Thursday, November 02, 2017 | 10:20am

NASHVILLE—Education Commissioner Candice McQueen announced the first year of results for students on the state's new optional Grade 2 assessment today. With these results, elementary schools and educators can improve instruction and strengthen supports to ensure that our youngest students are building fundamental literacy and math skills early in their academic careers.

Related Resources

2017 Grade 2 Results - State

"The state's new optional Grade 2 assessment allows us to see how our youngest students are mastering our state's standards from the beginning of their academic journey," McQueen said. "The Grade 2 assessment is one more tool we can use to help meet the needs of students with better information about readiness in math and reading." 

The new Grade 2 assessment is different than those from previous years in that it is criterion referenced and only assesses the Tennessee Academic Standards. The optional Grade 2 assessment was designed to provide important data and feedback to both second and third grade teachers to help ensure students are on track to master grade-level content from the early grades. For the first time the Grade 2 assessment measures the state's academic standards in a way that reflects what are students are learning in their classroom every day.

Early Foundations & Literacy is a priority area for the department, as laid out in the department's strategic plan, Tennessee Succeeds. To reach our goals as a state, as outlined in the strategic plan, the department has been implementing new strategies and supports to help districts and schools increase student outcomes for our early grades students. The optional Grade 2 assessment is one of the ways the department is helping districts measure their progress toward the state's goal of having 75 percent of third graders reading on grade level by 2025. 

More than two-thirds of school districts in the state chose to participate with 100 of 146 districts administering the optional Grade 2 assessment last spring. Though the assessment is optional, it is encouraging to see most districts participate and receive helpful results to guide their instruction.

Grade 2 scores fall into one of four achievement levels: mastered grade level, on grade level, approaching grade level, and below grade level expectations. Both mastered grade level and on grade level reflect student proficiency in the content. The categories aim to help teachers and parents more easily identify which students may need additional support and which students are ready to excel—which is the goal of state assessments. Families and teachers will also receive new score reports to help them support each student's individual needs.

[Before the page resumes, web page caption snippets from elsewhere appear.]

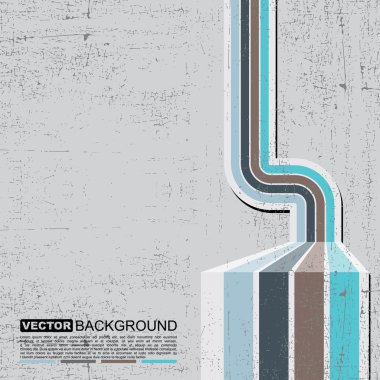 Retro grunge background - vector clipart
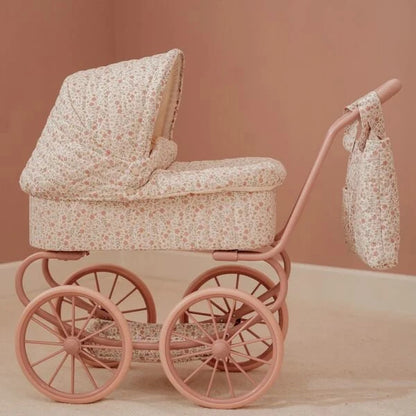 Carrinho de Bonecas Retro - Soft Flowers | Little Dutch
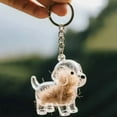thumbnail image 3 of Sylvtty Dog Hair Collector Keychain Dog Shape Charm Keychain Memorial Storage Box Transparent Pet Fur Keepsake Capsule Memorial Gift for Pet Lovers, 3 of 6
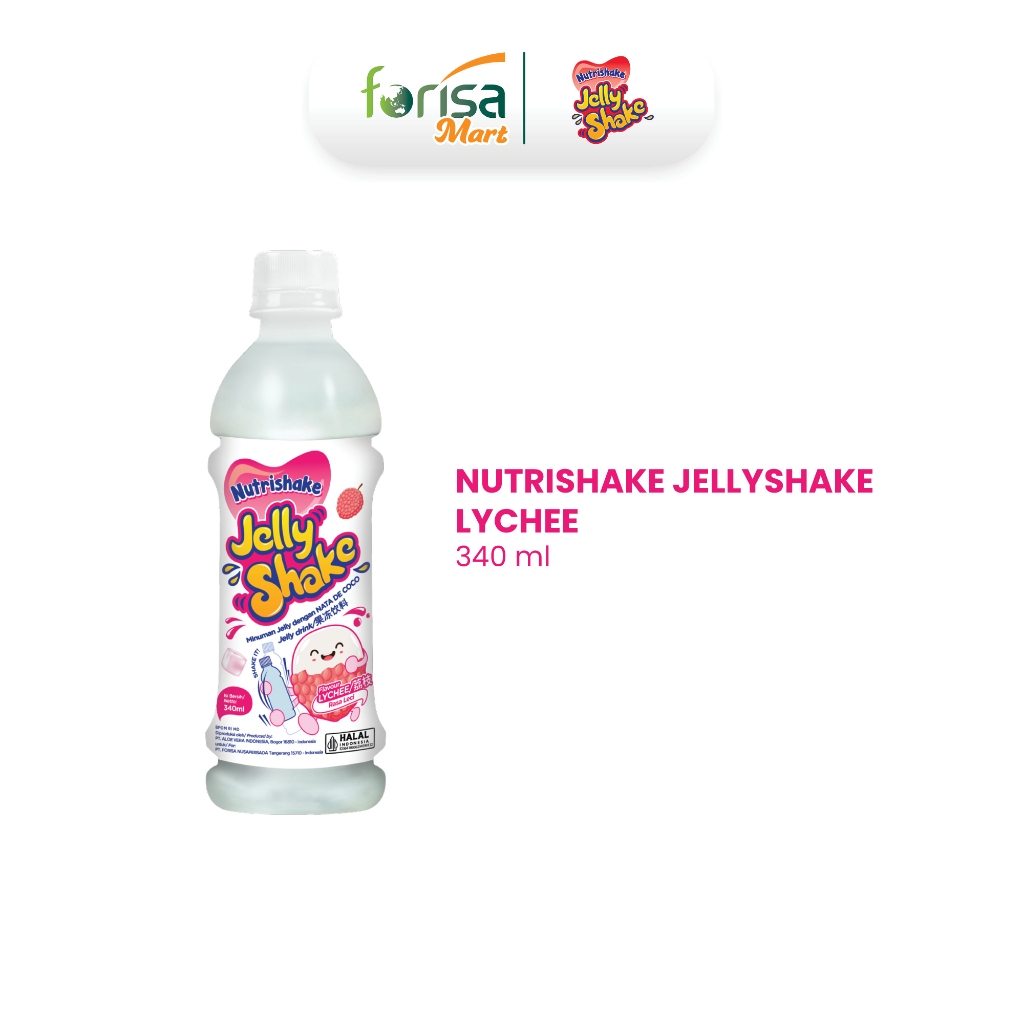 

Nutrishake Jelly Shake Minuman Instant Rasa Lychee 340 ml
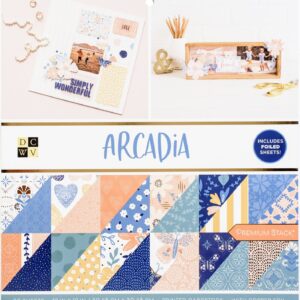 DCWV Double-Sided 12×12″ Cardstock Stack – Arcadia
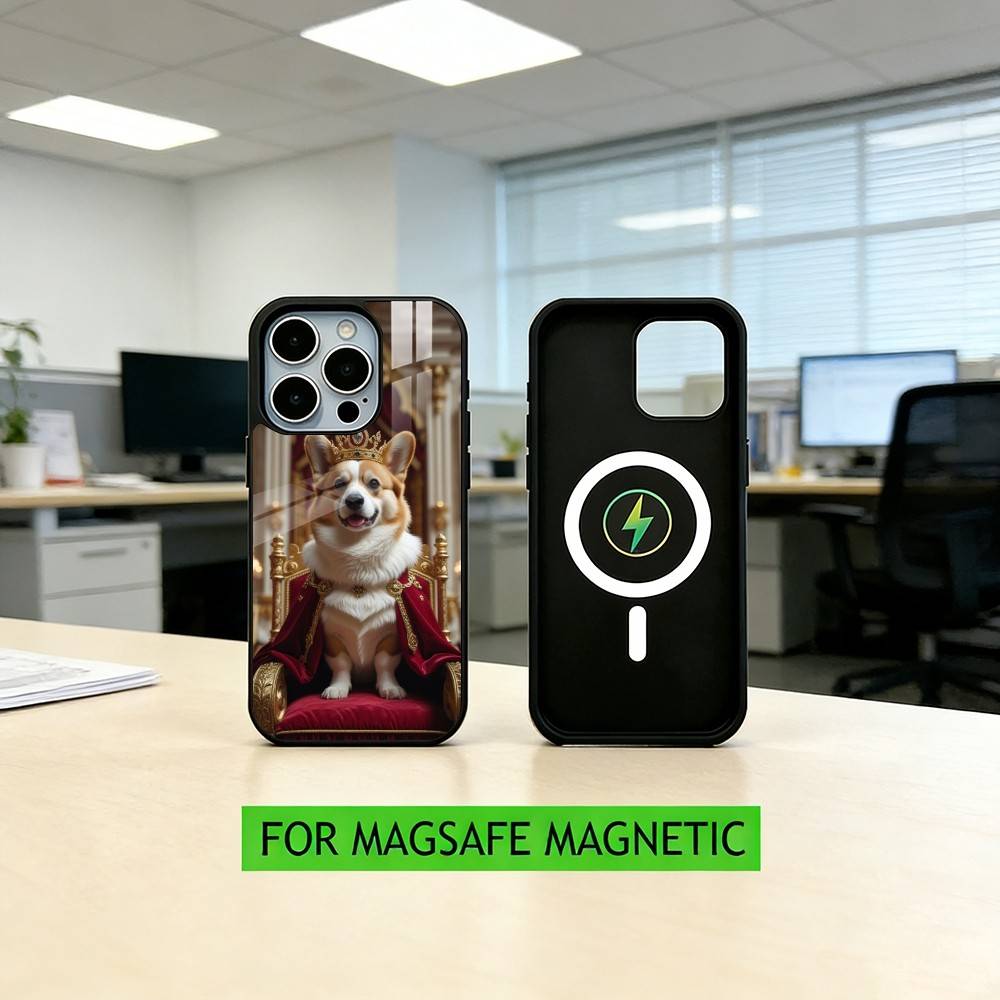 corgi Lovely  Phone Case For iPhone17,16,15,14,13,12,11 Plus,Pro Magnetic For Magsafe Wireless Charging iPhone13PRO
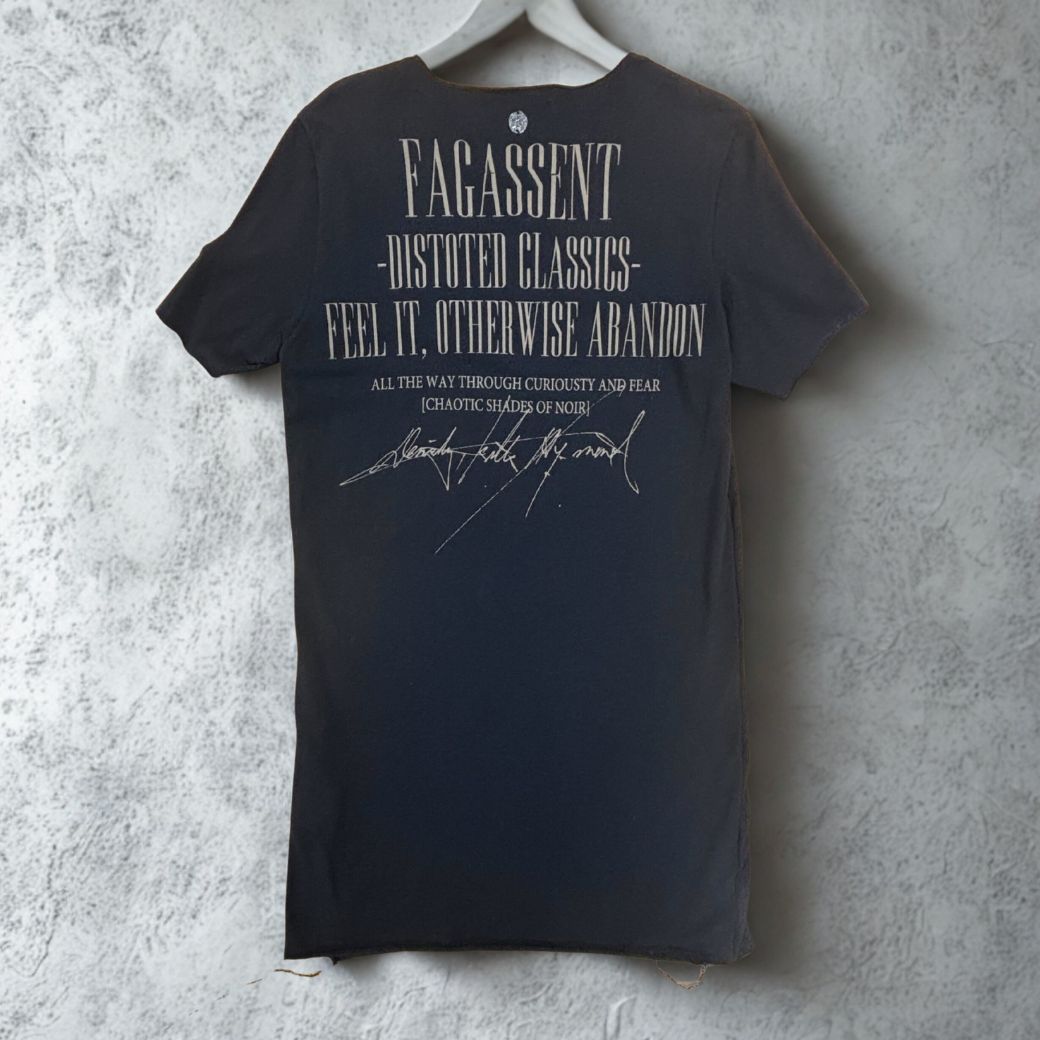FAGASSENT ファガッセン Tシャツ black fellow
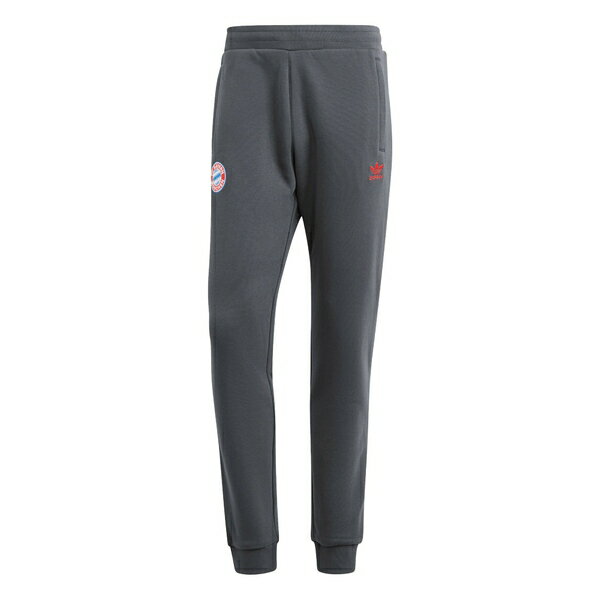 アディダスオリジナルス メンズ カジュアルパンツ ボトムス Bayern Munich adidas Originals Essentials Pants Charcoal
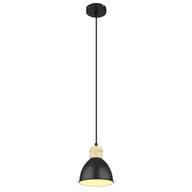 Lampy sufitowe - Globo Wiho 54018HS lampa wisząca zwis 3x40W E27 czarna/biała - miniaturka - grafika 1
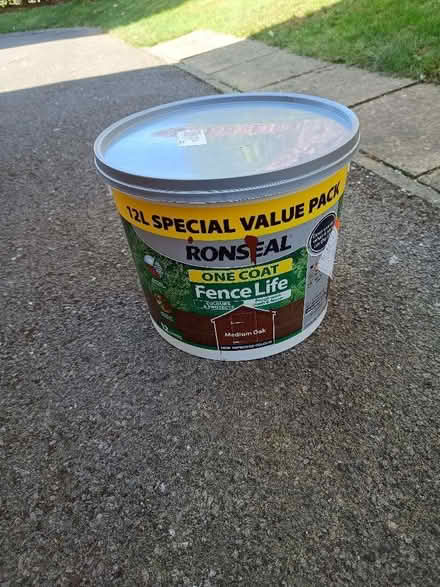 Photo of free Fence stain (Calne SN11) #1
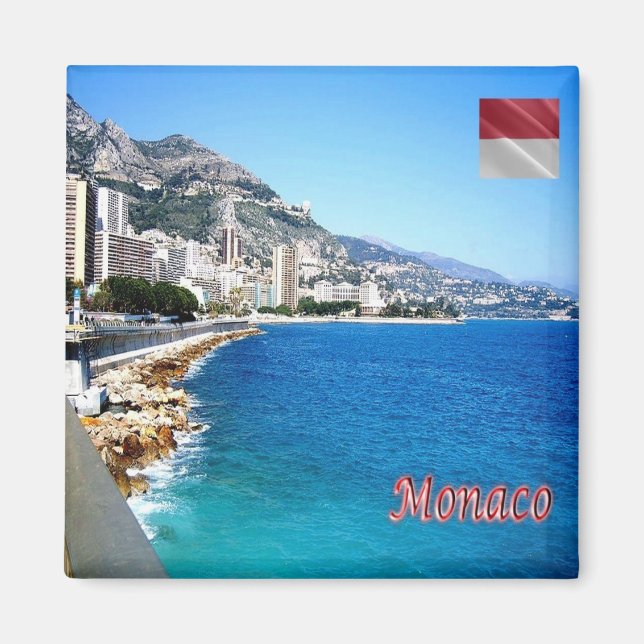 Aimant zMC042 LARVOTTO, Monaco, Frigo (Devant)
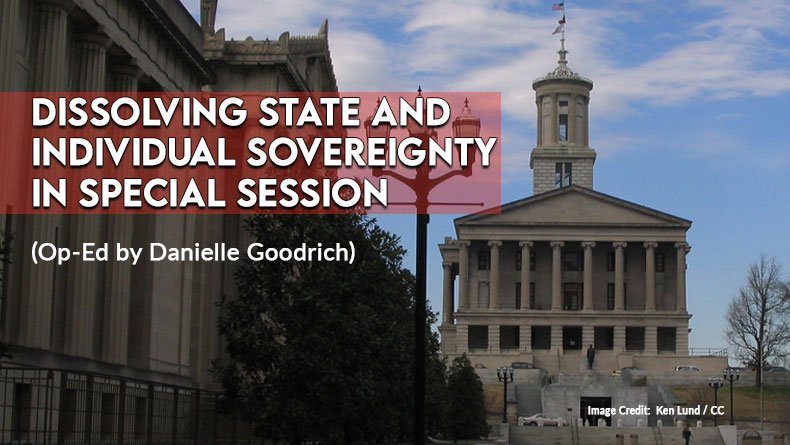 Dissolving State And Individual Sovereignty In Special Session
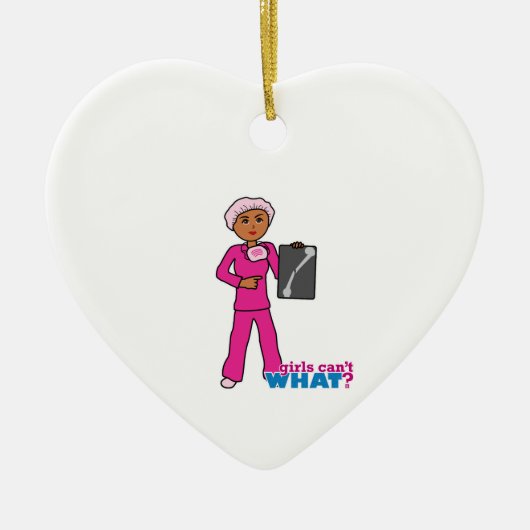 X線技術-濃色 セラミックオーナメント (正面)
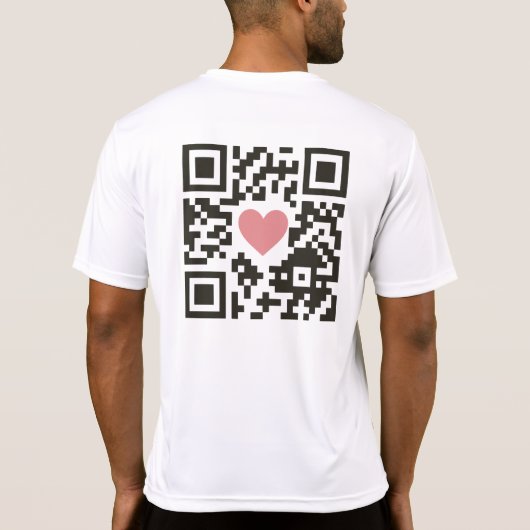 QR-Liebe T-Shirt (Rückseite)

As this was the first year of the optional Grade 2 assessment, the score results set a new baseline for future growth and cannot be compared to previous optional early grades assessments, which were norm referenced. For the optional Grade 2 assessment, only skills in English language arts and math are tested.

In English language arts on the optional Grade 2 assessment:

  • 30.3 percent of students are considered on grade level or mastered, 
  • 44.7 percent are approaching grade level, and
  • 25 percent are below grade-level expectations. 

In math on the optional Grade 2 assessment:

  • 41.3 percent of students are considered on grade level or mastered,
  • 32.9 percent are approaching grade level, and
  • 25.8 percent are below grade-level expectations.